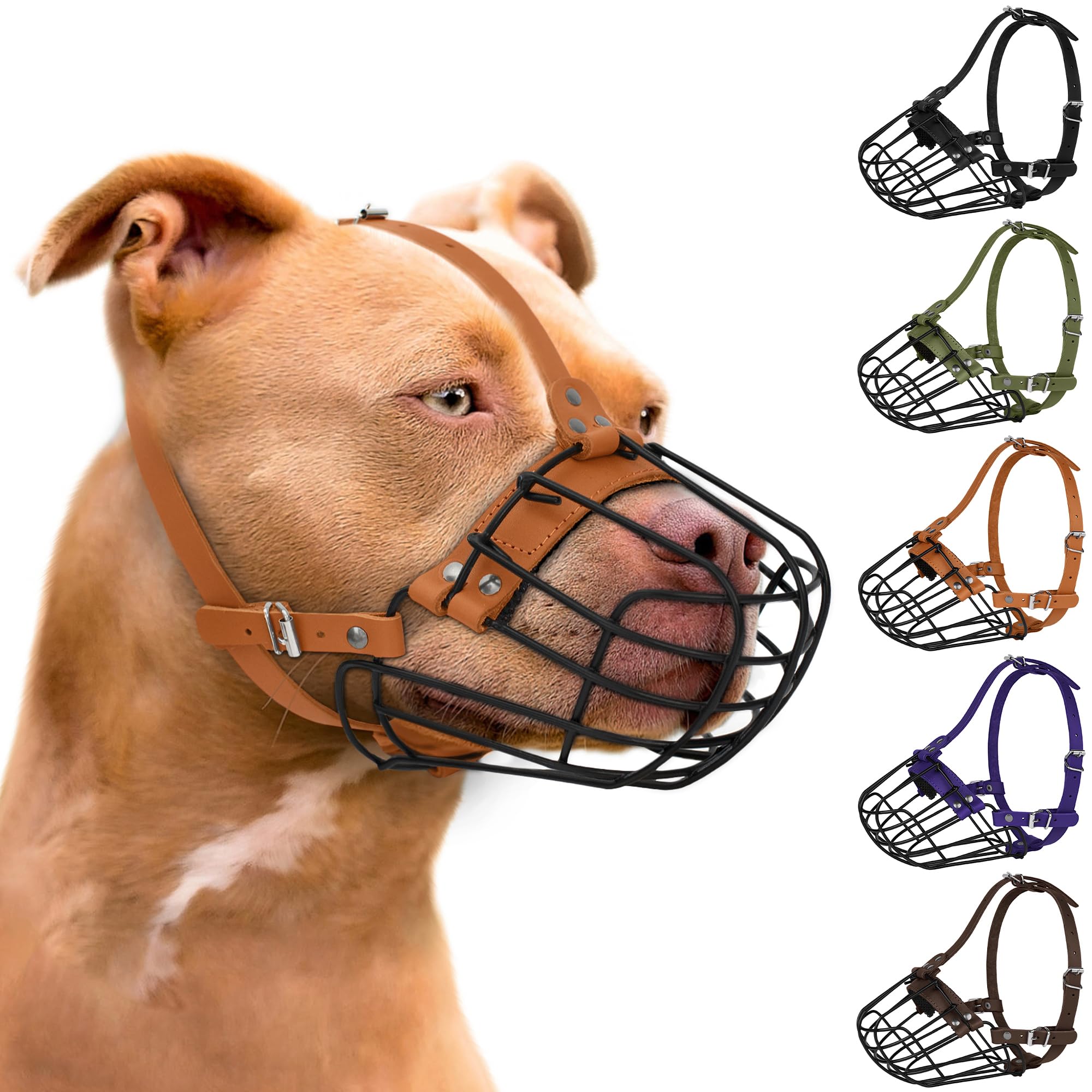 Pitbull - Bozal para perro, cesta de metal transpirable para perros grandes, máscara de alambre segura Amstaff Staffordshire Terrier, correas de cuero duraderas ajustables para morder, masticar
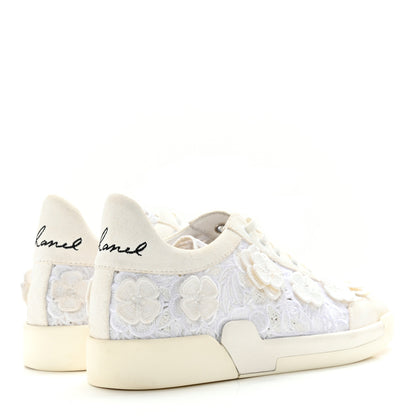 Chanel Suede Embroidered Flower Sneakers 38 White 4 of 17
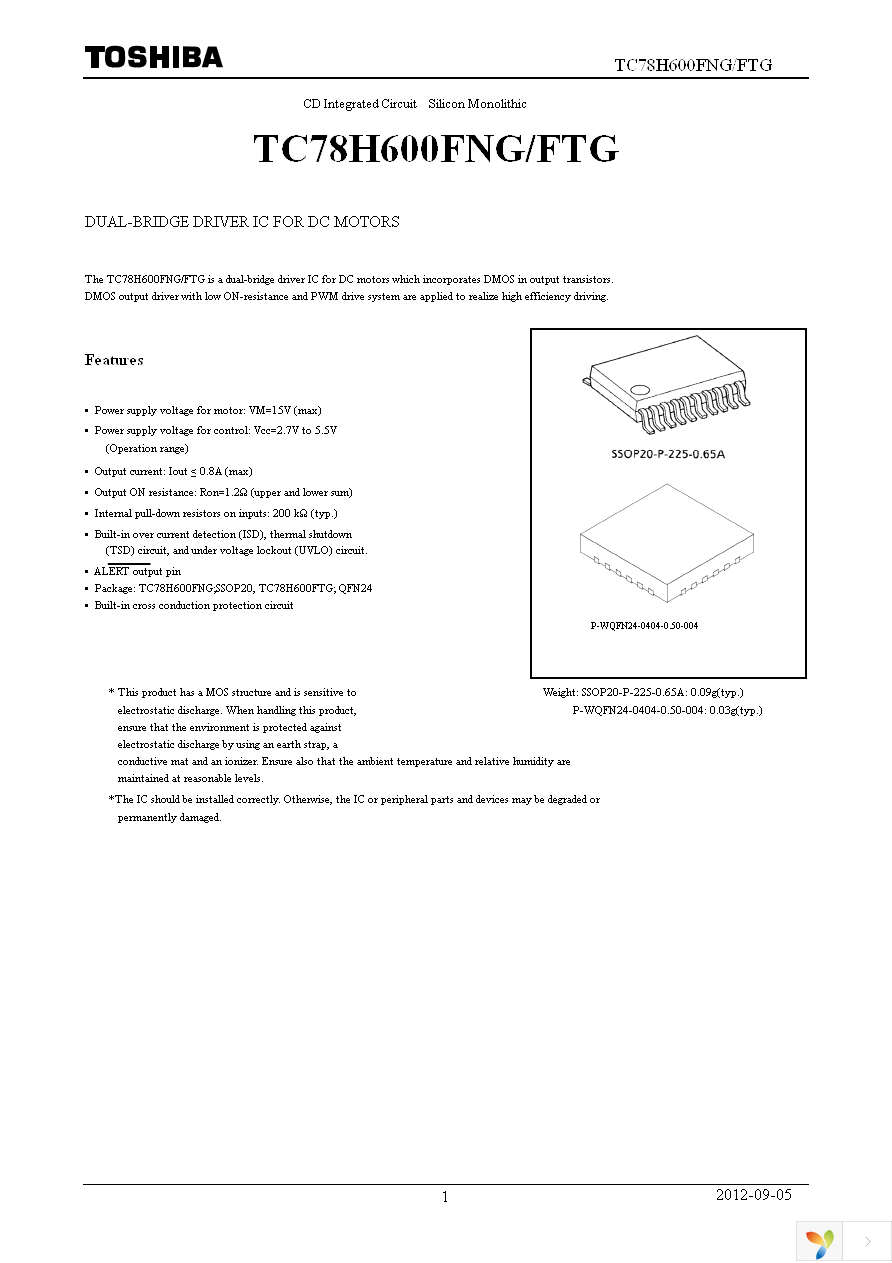 TC78H600FTG,EL Page 1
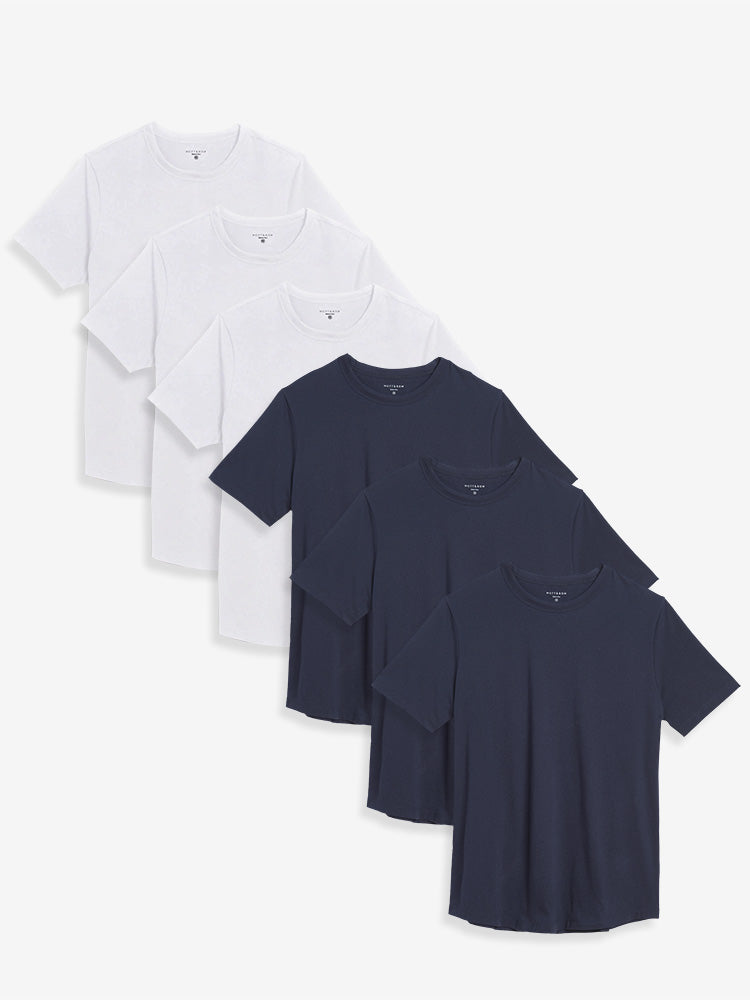 Men wearing White/Navy Curved Hem Driggs 6-Pack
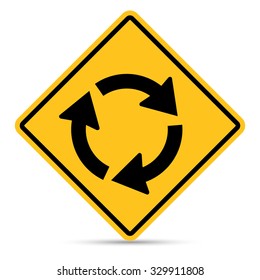 Traffic Sign, Roundabout ahead sign on white background, Vector EPS10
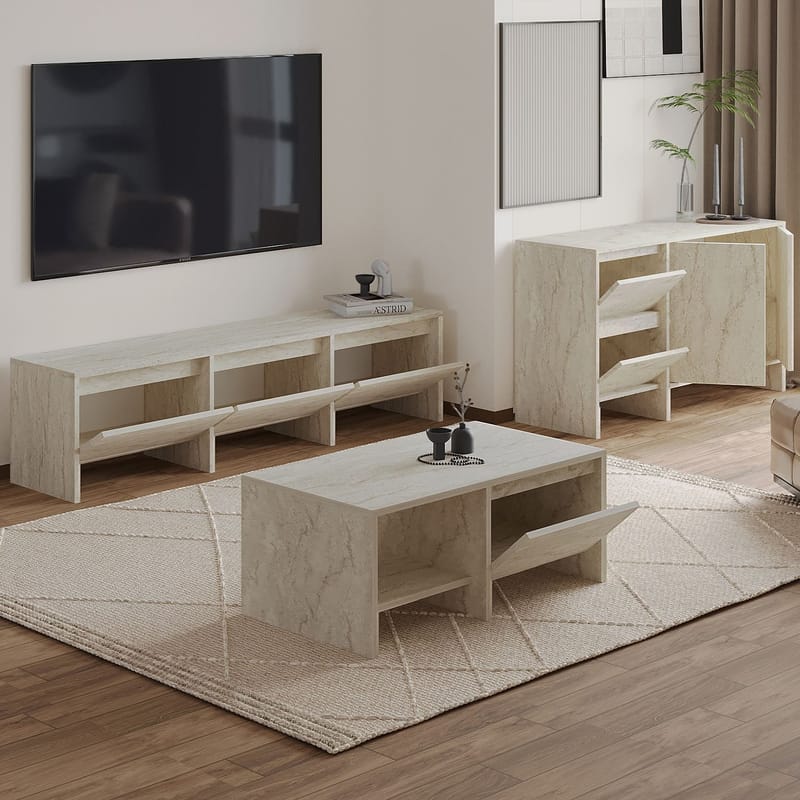 Crala Vardagsrumsmöbelset 160x40x35 cm - Travertin - Möbler - Vardagsrum - Möbelset för vardagsrum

___

### Prompt
Nothing but the lines from the one containing "Traffic Sign, Roundabout" through the last line of the material may appear in the answer, transcribed exactly and with no pictures.

### Solution
 Traffic Sign, Roundabout ahead sign on white background, Vector EPS10
 Crala Vardagsrumsmöbelset 160x40x35 cm - Travertin - Möbler - Vardagsrum - Möbelset för vardagsrum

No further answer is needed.